··· Data for this task
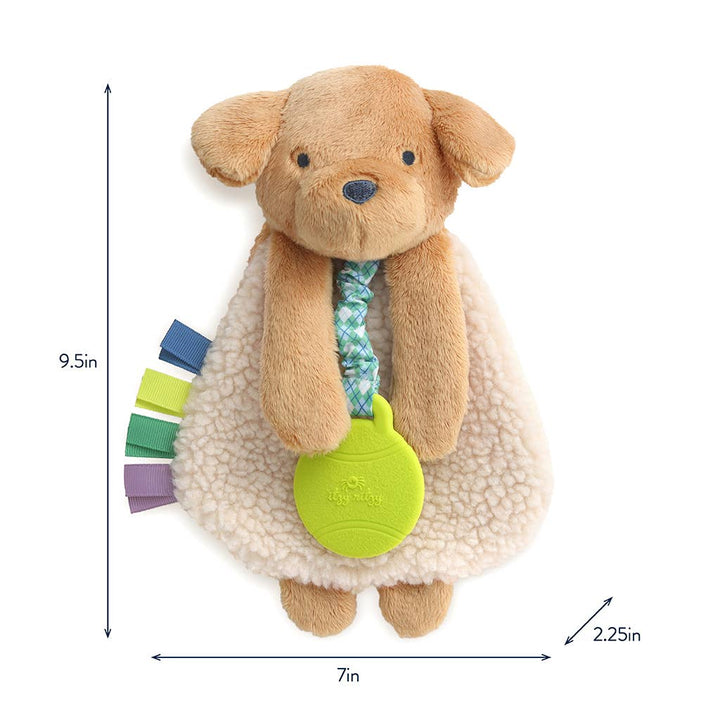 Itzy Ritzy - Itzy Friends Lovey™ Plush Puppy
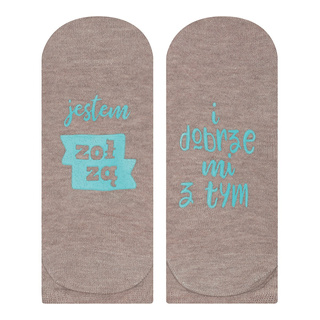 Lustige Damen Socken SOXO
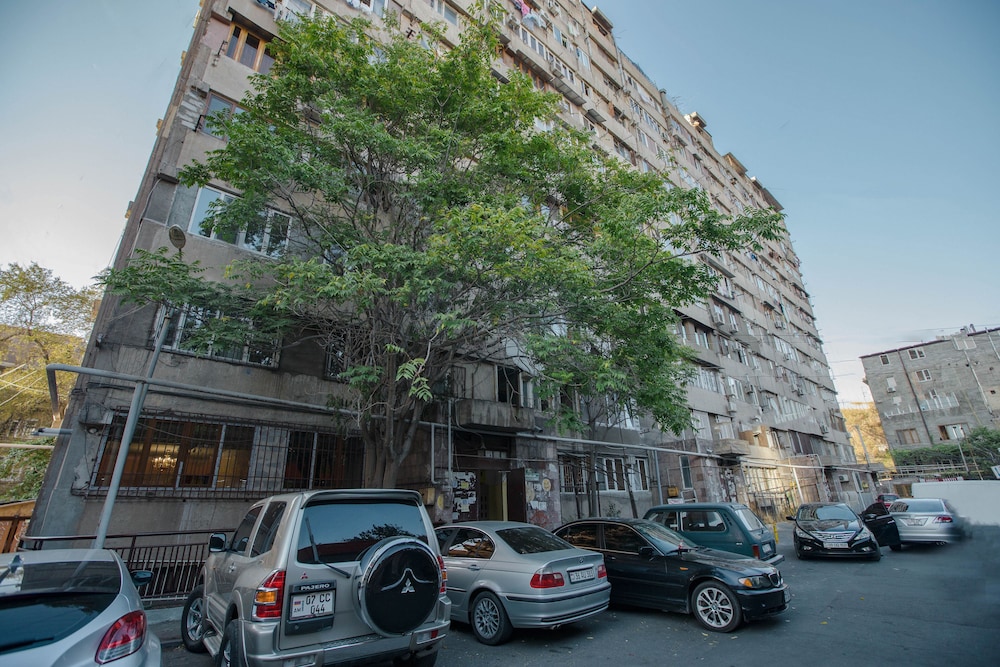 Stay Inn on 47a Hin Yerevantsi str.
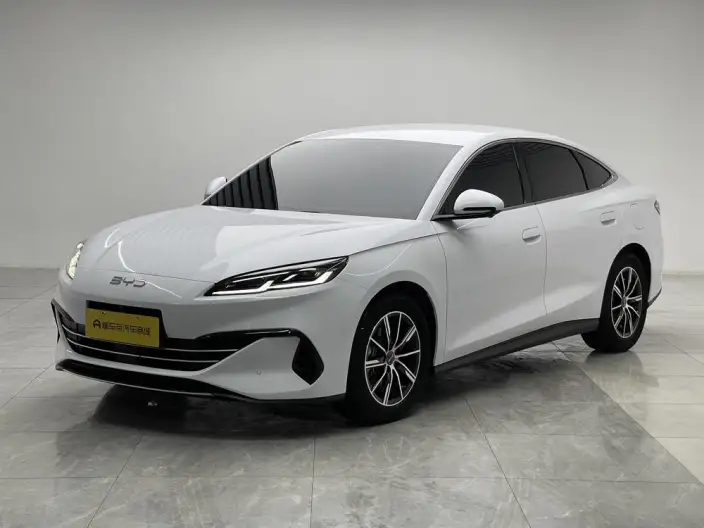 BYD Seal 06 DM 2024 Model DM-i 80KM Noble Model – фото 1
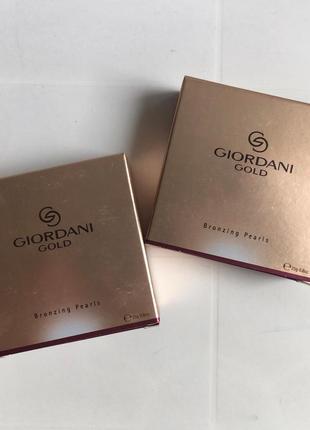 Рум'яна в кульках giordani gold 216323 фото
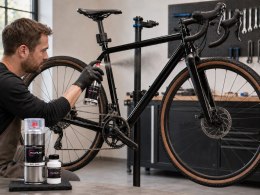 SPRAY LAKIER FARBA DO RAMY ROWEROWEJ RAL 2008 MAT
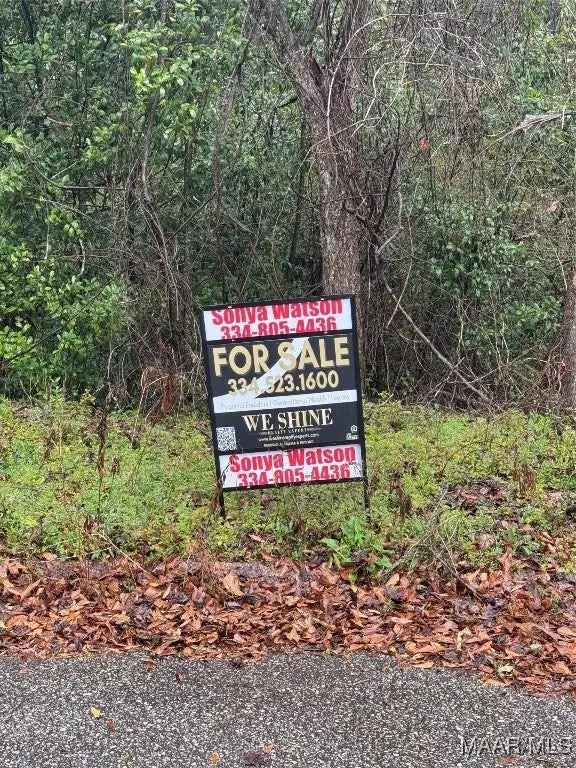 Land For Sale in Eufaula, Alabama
······
--- Your goal ---
Only the pictures are dropped when you print the material; everything else is copied exactly.

--- Solution to the exercise ---
 Itzy Ritzy - Itzy Friends Lovey™ Plush Puppy
 Lustige Damen Socken SOXO
 Stay Inn on 47a Hin Yerevantsi str.
 BYD Seal 06 DM 2024 Model DM-i 80KM Noble Model – фото 1
 Рум'яна в кульках giordani gold 216323 фото
 SPRAY LAKIER FARBA DO RAMY ROWEROWEJ RAL 2008 MAT
 Land For Sale in Eufaula, Alabama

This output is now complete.